◆ WHAT THE EXERCISE ASKS: Transcribe the tail of the listing: start at the line containing "Nhai thai cừu: Món quà cho sức khỏe" and stop after the last line, keeping every character as is and adding nothing.

◆ DATASET CONTENT:
=== Section Start ===

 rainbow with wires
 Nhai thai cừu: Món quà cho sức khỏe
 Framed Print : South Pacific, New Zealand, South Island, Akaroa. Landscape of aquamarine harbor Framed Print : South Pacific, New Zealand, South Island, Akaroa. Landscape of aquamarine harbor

=== Section End ===

◆ ANSWER SECTION:
 Nhai thai cừu: Món quà cho sức khỏe
 Framed Print : South Pacific, New Zealand, South Island, Akaroa. Landscape of aquamarine harbor Framed Print : South Pacific, New Zealand, South Island, Akaroa. Landscape of aquamarine harbor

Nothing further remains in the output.